Sunday, September 17, 2006

How to Read a Book

When I first read philosophy, as a teenager, I didn't know what it was. I did not know, for instance, that you could question what a great philosopher said, or that you should only believe it if the arguments worked. To be honest, I didn't know that these books contained arguments. My reaction to Russell on Our Knowledge of the External World was not scepticism, but shock that, despite all appearances, this is how it must be: I was constructing my whole system of the world from echoes and two-dimensional discs of colour. A miracle!

There are other ways to read philosophy: as poetry; as fiction.
[No] novelist has created a more dashing hero than the handsome Absolute, or conceived more dramatic extrications – the soul's escape from the body, for instance, or the will's from cause. […] Novelist and philosopher are both obsessed with language, and make themselves up out of concepts. Both, in a way, create worlds. […] But the worlds of the novelist, I hear you say, do not exist. Indeed. As for that, they exist more often than the philosophers'. Then, too – how seldom does it seem to matter. Who honestly cares? They are divine games.
This extraordinary passage was written by William H. Gass, in an essay called "Philosophy and the Form of Fiction". Unlike him, I do care that philosophy is not a game, any more than it consists in lessons from the Oracle. The more interesting question runs the other way: how far is the novel a form of philosophy?

For Gass, the answer is: not, for the most part, in proposing a metaphysics, but in presenting a world of which some metaphysics holds. The business of the novelist is creation not depiction; and the business of the critic – at least, the properly philosophical critic – is to lay bare the principles of the created world.
The role of chance or of assumption, the recreative power of the skillful reader, the mastery of the sense of internal life, the forms of space and time: how much is known of these? The ontological significance of the subordinate clause, […] or new words, or inversion – all passed over. […] The novelist has, by this ineptitude, been driven out of healthy contact with his audience, and the supreme values of fiction sentimentalized.
This theory has a certain purity; but it is a recipe for misprision, since it matters to the metaphysics of some novels that they are ways of understanding this world. In order to read a book, you need to know what kind of book it is – as I learned from my experience with Russell. (This point is developed with both insight and generality in Kendall Walton's "Categories of Art".) It would be a mistake to read Jane Austen as science fiction – which is, in effect, what Gass would have us do.

It is, correspondingly, no mistake to be baffled by a novel, like Ishiguro's Never Let Me Go, that defies generic thought. The uncanny passivity of the characters: is it something we must simply grant – like the native English of beings from outer space? Or is it a picture of ourselves? For Gass, only the first response is warranted, and the friction of the book is planed away.

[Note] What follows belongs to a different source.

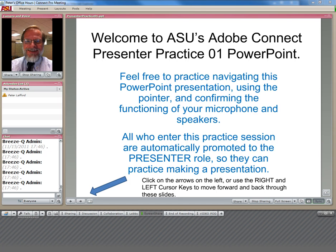In this video, we will show how to make an offline copy of an Adobe Connect recording.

Even to focus on the characters is confused, on his account: it is the activity of the sentimentalist, someone who believes in them as people she has met, who forgets that "novels [are] made of words". Or rather, she resists this recognition, in distress:
It's as though you had discovered that your wife were made of rubber: the bliss of all those years, the fears…from sponge.
The parody has a point: that even at their best, the "people [of fiction] have less spontaneity, are less intricate, less free, less full" than anyone's parents, or children, or friends. But the same is true of the worlds in which they live. Are we more justified in speculating on the form of cause and the elementary particles of Beckett's "Ping" than on the reasons for Cordelia's silence, Iago's treachery, or Hamlet's delay?

3 Comments:

Anonymous Anonymous said...

"Are we more justified in speculating on the form of cause and the elementary particles of Beckett's 'Ping' than on the reasons for Cordelia's silence, Iago's treachery, or Hamlet's delay?"

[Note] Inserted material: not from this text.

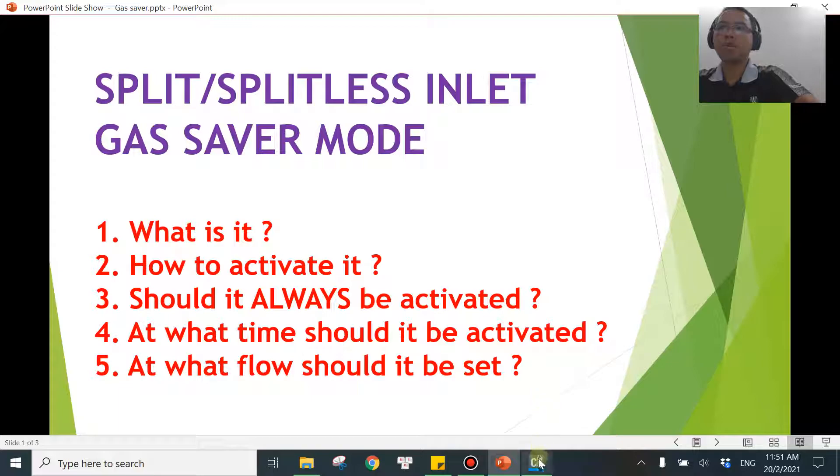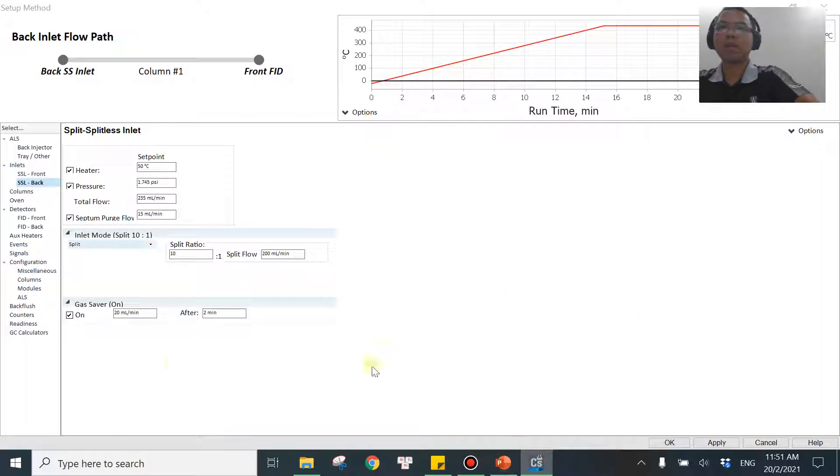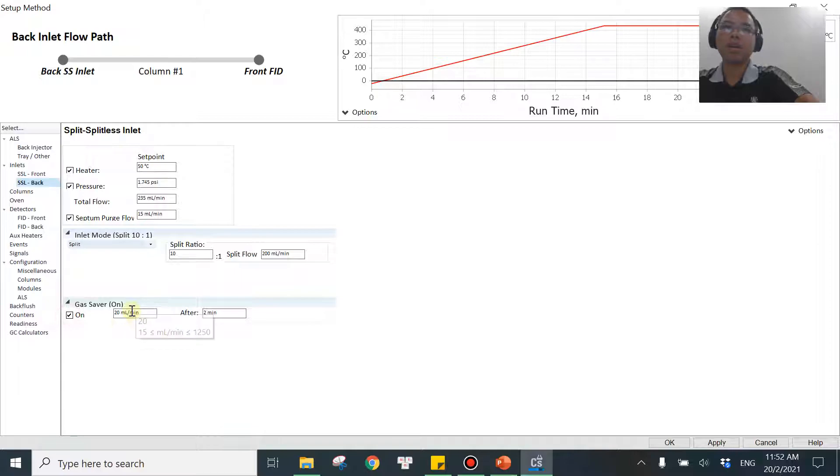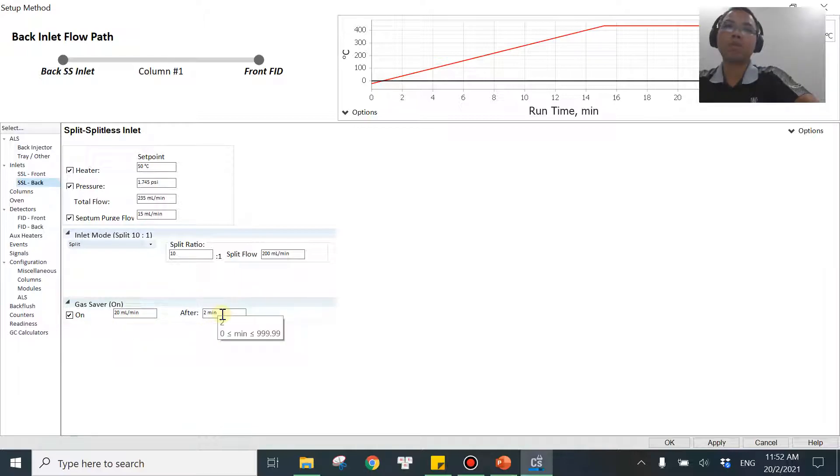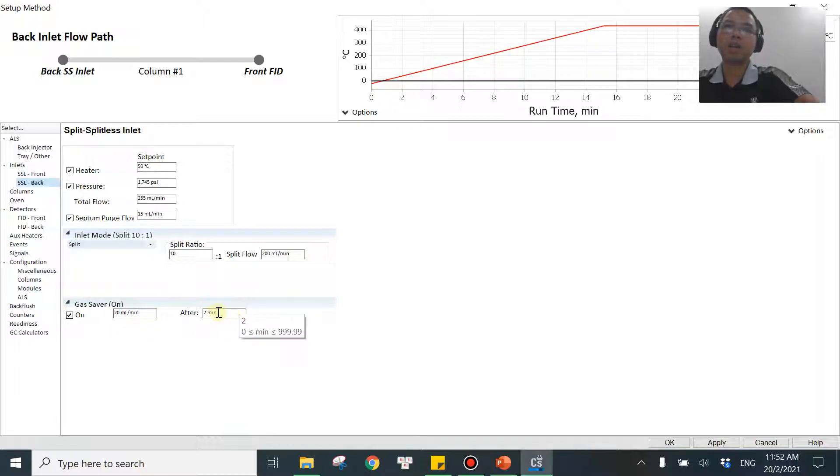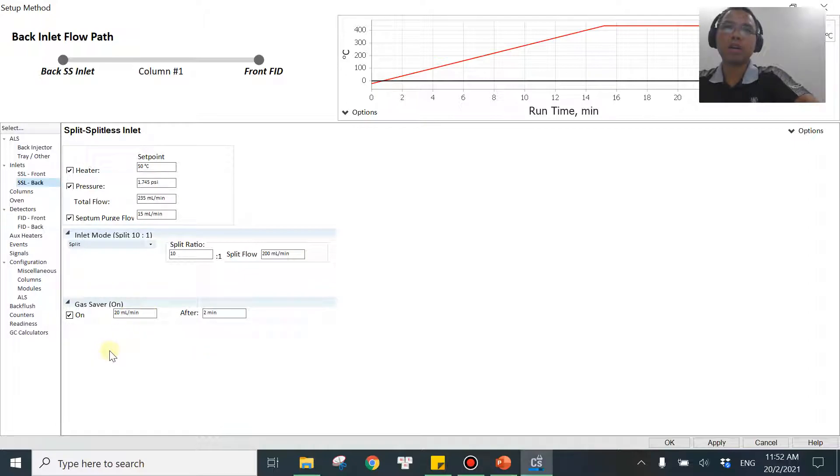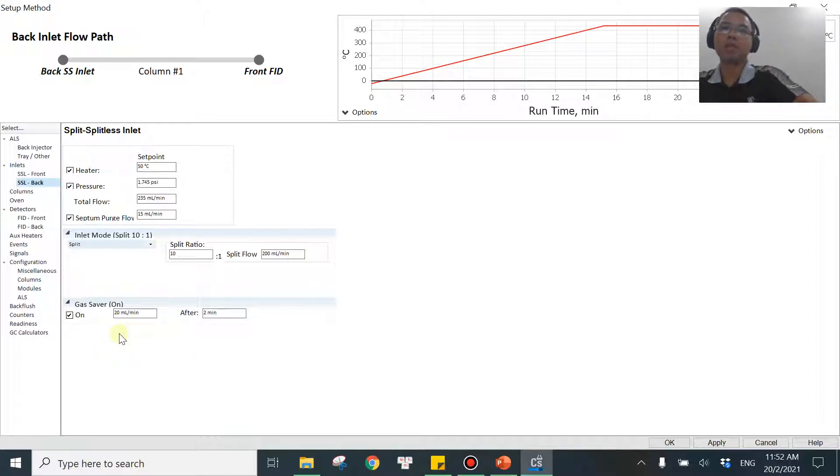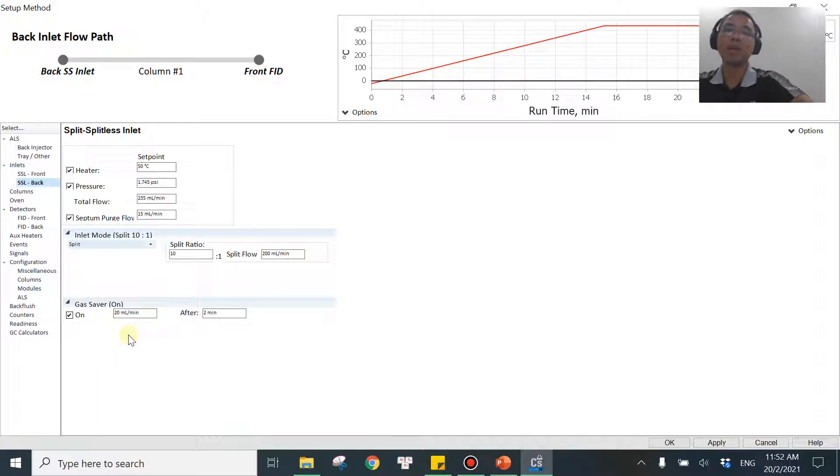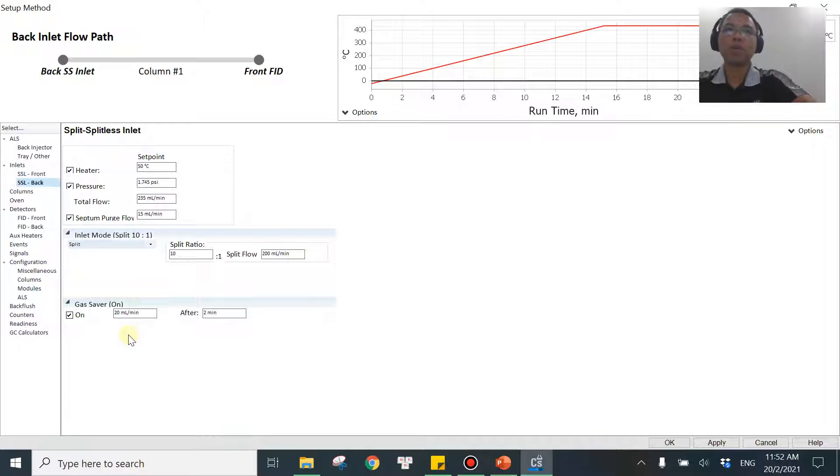So if you are using the gas saver mode, if you activate it, you look at here. Whenever you turn on the gas saver mode, the software will automatically define 2 minutes for you over here and 20 mL per minute over here. In the last video, I was explaining what time you should be using. But in this video, I will be answering the question: what flow rate should we be using? By default, it will be set at 20 mL per minute.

It seems to me that a good literary analysis is not speculative in the way you suggest. The idea is not to explain "away" a problem. (A good one is too hard to find.) Attributing Cordelia’s silence to Shakespeare’s “strategic opacity” is an exciting "solution," but is that all there is to say? Wouldn’t you learn more about “Ping” from a well-executed analysis of the repetition of "ping," for example, than you would from a piece on how Beckett’s troubled relationship with his mother might account for the seeming lapses in his prose?

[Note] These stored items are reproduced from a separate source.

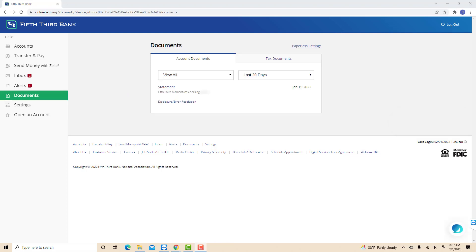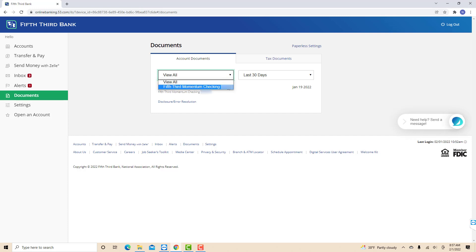On this page, you will see a drop-down arrow that shows the accounts you wish to view your bank statements. Choose the Fifth Third Momentum Checking option.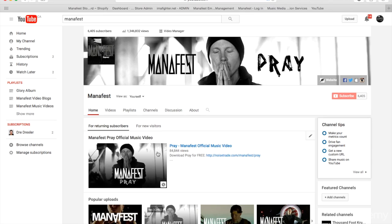I've got here right now, this is the very first music video we're promoting, and it says download Prey for free at noisetrade.com. Remember, I'm always trying to get that email address, it's so important.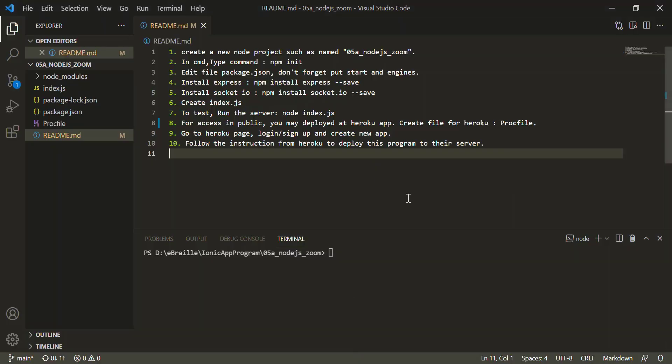Hi, welcome to my YouTube channel. I just want to share how to do a simple Zoom clone, or we call it WebRTC, that uses PeerJS and also combined with Socket.io.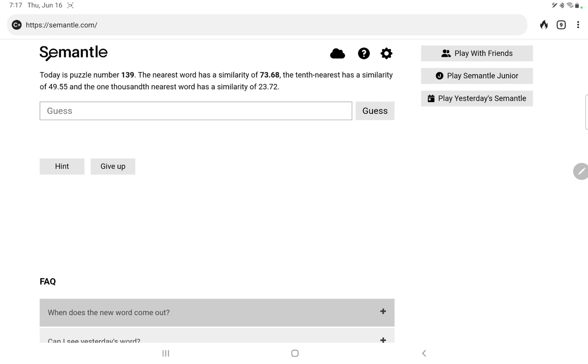Let's play Semantle number 139. The similarity numbers, the top one is okay at 73, but then we drop to 49 and then 23. We're going to try something a little different tonight. I'm going to input pairs of words that are opposites, and then see which of each pair scores higher, and then when I have a number of these comparisons, maybe that might point us in a certain direction.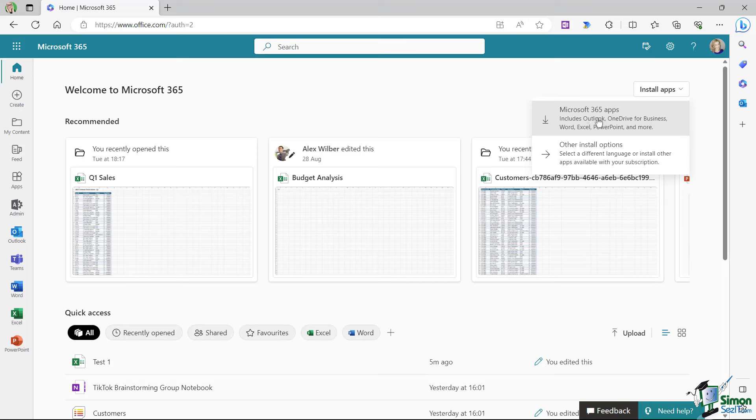So if you haven't done that already, go to install apps on the homepage of the portal and click on Microsoft 365 apps. That will kick off the download process and download all of the applications.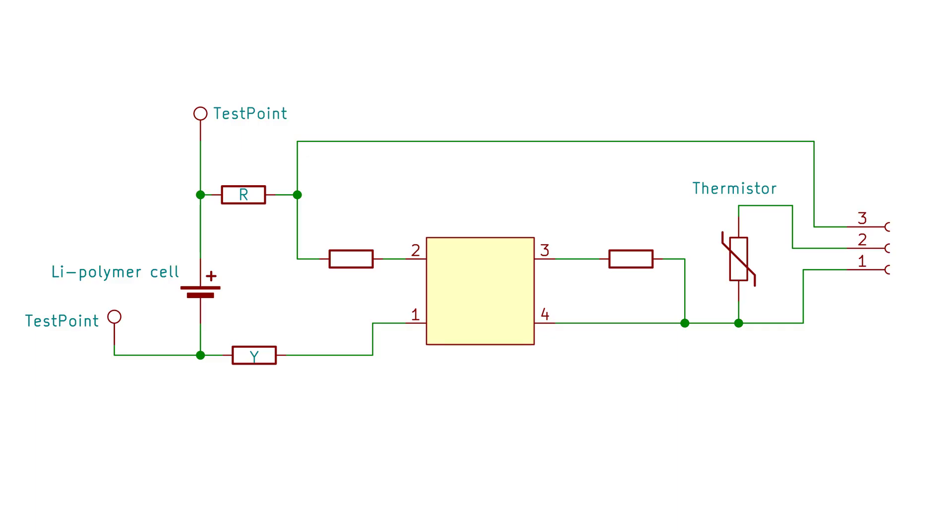I would say a nicely made battery. It would be nice to know the actual part number for the protecting IC. Anyone have any other ideas what the part number might be please leave a comment.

Then again, it depends upon what you mean by "justified." Interpreting literature by looking for causes in the life of the author is a dirty business, but that doesn't diminish its entertainment value and it's a surer way to attract publicity and cash, the only means to *real* food.

12:57 AM  
Blogger Kieran Setiya said...

I think you may have mis-read the post on Shakespeare's opacity. The point of the final paragraph was not to suggest a biographical explanation of the motivational gaps in his plays, but to comment on the peculiarity of looking for that explanation. (The perils of biography had been the theme of the previous post.)

I was thinking that the proper response to "strategic opacity" is precisely not to regard it as a solution, but as the acknowledgement of a problem. There is no ordinary motivational story about these actions; interpretations that look for one are bound to fail. What other kind of interpretation can we give? It is a virtue of Greenblatt's book to raise this question, and a defect that he doesn't attempt to answer it.

In this context, the sentence you quote does not imply that we are justified in speculating about Cordelia's motives, but that the indeterminacy that frustrates such speculation would also attach to the project of extracting a systematic metaphysics from "Ping". That project is possible, but limited, like the project of interpreting people in books that Gass derides as "sentimental". I think he is wrong to see a contrast here. The fact that novels are "made of words" places bounds on their interpretation – but does not prevent them from saying anything about us.

7:14 AM  
Anonymous Anonymous said...

Surely, you meant to write, "Hamlet's apparent [or alleged] delay." To call it "delay" is to beg the question being asked. What the play reveals is the moral courage of equivocation, in Bloom's nice phrase.

And, there are perhaps other ways to read philosophy besides as poetry or as fiction. How about as anthropology (a report by an explorer on a journey s/he has taken) or as mathematics (the working-through of the logical consequences of some given assumptions)?